Assistant Professor, School of Civil and Environmental Engineering, Cornell University
Predicting Fracture in Metals with Atomistic Simulations
Friday, September 25, 1:00 – 2:00 pm
921 Benedum Hall
Many of the earliest atomistic simulations of deformation and fracture modeled the response of a several nanometer block of material under an applied load. While this
setup is analogous to elementary mechanical testing experiments, the loading rates, specimen dimensions, and resulting stresses differ by orders of magnitude. More recently, the aim of atomistic simulations has been more focused, investigating the behavior of an individual atomic scale process pertinent to macroscopic behavior. While the output of these focused simulations can provide great insight and constitutive input for coarser scale models, the problem of unrealistic strain rates and stresses remains. Most recently, simulations have begun to move away from modeling mechanical response directly and instead investigate the activation energy barriers of key deformation mechanisms.

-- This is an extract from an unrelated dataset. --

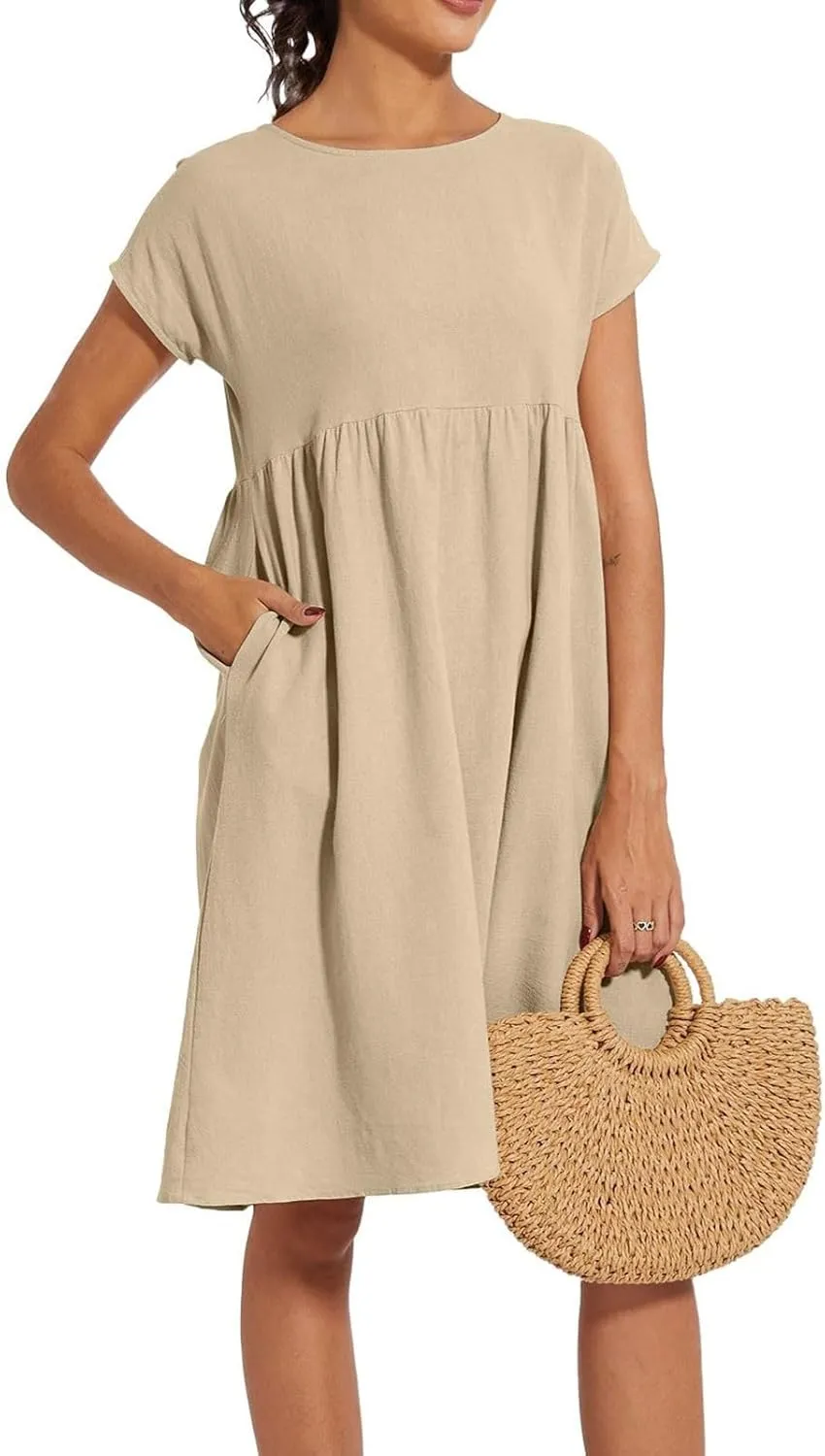 Linen Dresses for Women Summer Plus Size Short Sleeve Midi Dress Casual Fashion Beach Vacation Sundress with Pockets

In this presentation, I will address four substantial challenges to predictive atomic scale fracture simulation. Specifically, the challenges of a limited spatial and temporal domain, accurate interatomic interactions, and the vast complex interatomic configuration space will be addressed. In this talk I will highlight our group’s effort at using concurrent multi-scale modeling, transition state techniques, structural unit methodologies, high performance computing, and density functional theory to address these challenges.